This statue of McKinley was commissioned by 81-year-old 49'er George Zehndner in 1905. Zehndner had met McKinley in 1901 and was much impressed by "the first modern president". The president's assassination soon after moved Zehndner to memorialize the president. Zehndner paid $15,000 for the nine-foot statue.
The statue was sculpted by Haig Patigian in San Francisco, California, where it fell over during the 1906 San Francisco earthquake but was cushioned by a large plaster model that had braced its fall. The artist discovered his statue lying down in a foundry near the waterfront south of Market Street in San Francisco. Patigian feared his statue might melt, but he had to leave it since it was too large for him to move. A week later, the foundry owner told Patigian that the statue had been destroyed.

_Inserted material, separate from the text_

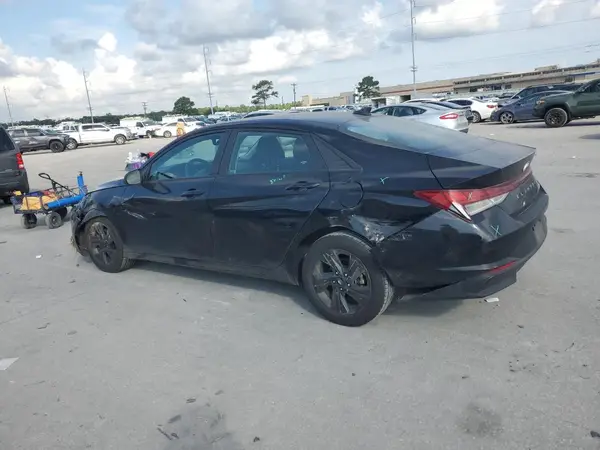 KMHLM4AJ1NU031317 2022 HYUNDAI ELANTRA - Image 2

Patigian later discovered that his statue of McKinley had been saved from the burning foundry by the employee of a nearby machine shop, along with several passersby. They had hauled the statue onto a truck, which succumbed to the flames. The statue was moved by steamboat to the nearby port town of Eureka in May 1906. Zehndner presented the statue to the city of Arcata on July 4, 1906, as "a gift to the city of Arcata for all time to come." Two thousand people, more visitors than the town had ever received, came to Arcata for the unveiling.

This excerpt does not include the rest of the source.